Despite the market ups and downs, interest remains in the GoM with several multimillion-dollar bids placed by offshore players as evidence. Topping the list of high bids on a single block was BHP Billiton Petroleum Deepwater Inc., which bid about $11 million for Green Canyon Block 80.
Another block in the area received a $5 million bid.
“Those were both newly available blocks and they were offset to Green Canyon 124, which was the high bid in the last sale,” Celata added, pointing out the possible pursuit of Miocene-aged reservoirs in fairly large structures in the area. “All this bidding was by BHP. So, there’s still prospects out there that operators are interested in acquiring.”
Commenting on the sale in a statement, Mfon Usoro, senior research analyst with Wood Mackenzie’s GoM upstream team, said “BHP also bid on a cluster of blocks in Alaminos Canyon to bolt onto its existing acreage in the region where it is currently evaluating results of the Ocean Bottom Node seismic.”
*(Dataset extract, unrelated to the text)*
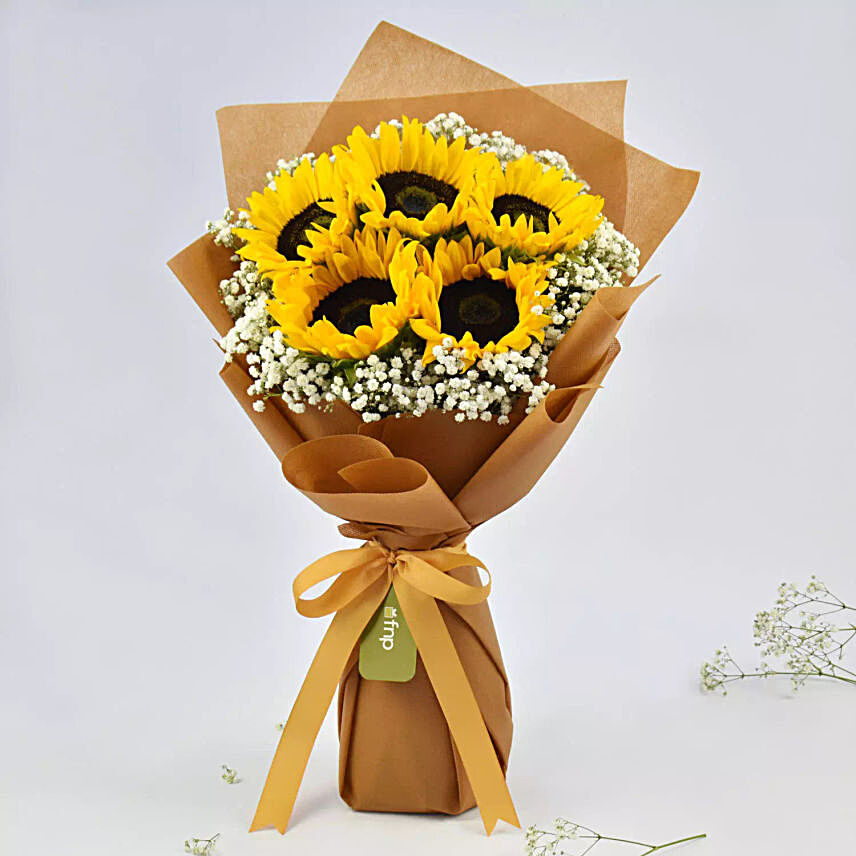 Ravishing Sunflowers Beautifully Tied Bouquet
The top five companies in terms of sum of high bids were:
• Chevron USA Inc., 15 bids totaling about $24.7 million;
• BHP Billiton Petroleum (Deepwater) Inc., six bids totaling about $20 million;
• Shell Offshore Inc., seven bids totaling about $18.4 million;
• BP Exploration & Production Inc., 16 bids totaling about $10.4 million; and
• EnVen Energy Ventures LLC, two bids totaling about $4 million.
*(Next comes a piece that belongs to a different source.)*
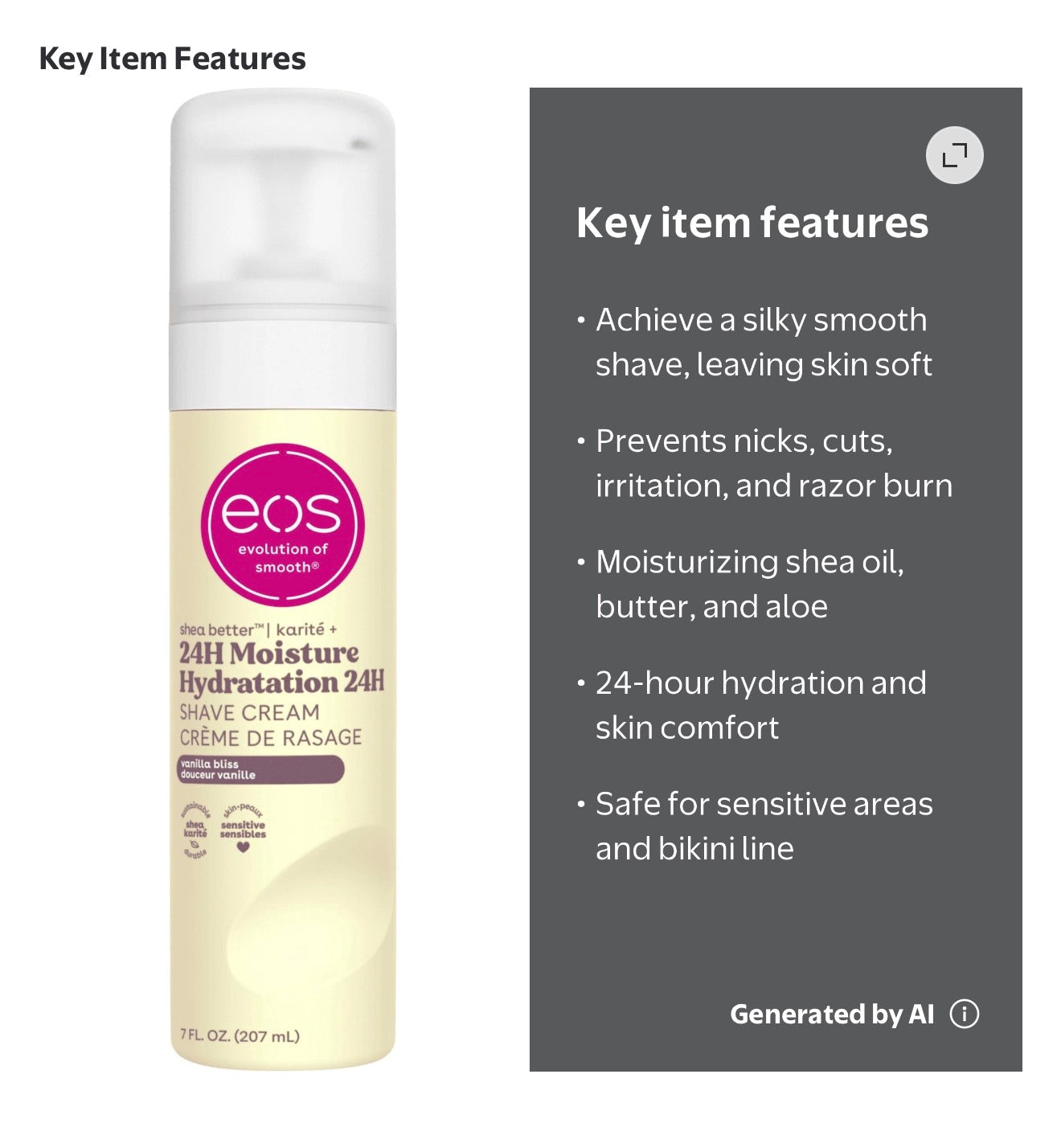 eos Shea Better Shaving Cream – Vanilla Bliss, 7 oz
Usoro pointed out that majors accounted for more than 60% of the high bid amount with competition seen between Shell, Chevron, BP and Total for recently-expired blocks in Green Canyon and Garden Banks.
“A notable block was [Garden Banks] 963, a stone’s throw from Total’s North Platte project, which expired in October 2019,” Wood Mackenzie said in a statement. “Total and Shell went toe to toe on that block, with Total winning it with a US$1 million bid, a fraction of the $22 million that was paid to pick up the block in 2012.”
Blocks near existing infrastructure also continued to attract bidders as tiebacks and infrastructure-led exploration continue to make offshore more economic for oil and gas companies.
Of areas receiving bids, interest appeared the greatest in the Green Canyon blocks, and deepwater continued to reign. Of the 71 blocks with bids, 53 had water depths of at least 800 m, according to the preliminary statistics.
In all, participating companies placed about $108.6 million in bids.
“We should also remember that lease sales are just the start of the offshore investment window,” Milito said. “Companies will spend millions of dollars exploring, evaluating and, hopefully, producing from many of today’s lease blocks. NOIA member companies remain committed to providing energy security, economic growth and a high standard of living through American offshore energy production.”
The next GoM lease sale is proposed for the summer. If held, it will mark the seventh sale of the 2017-2022 Outer Continental Shelf Oil and Gas Leasing Program.
“We think more lease sales are still in the cards, but higher oil prices will be required for bid amounts to climb back to historical norms,” Usoro added. “Otherwise this sale result will continue with even lower bidding activity.”
BOEM estimates the GoM Outer Continental Shelf contains about 48 billion barrels and 141 trillion cubic feet of undiscovered technically recoverable oil and gas resources.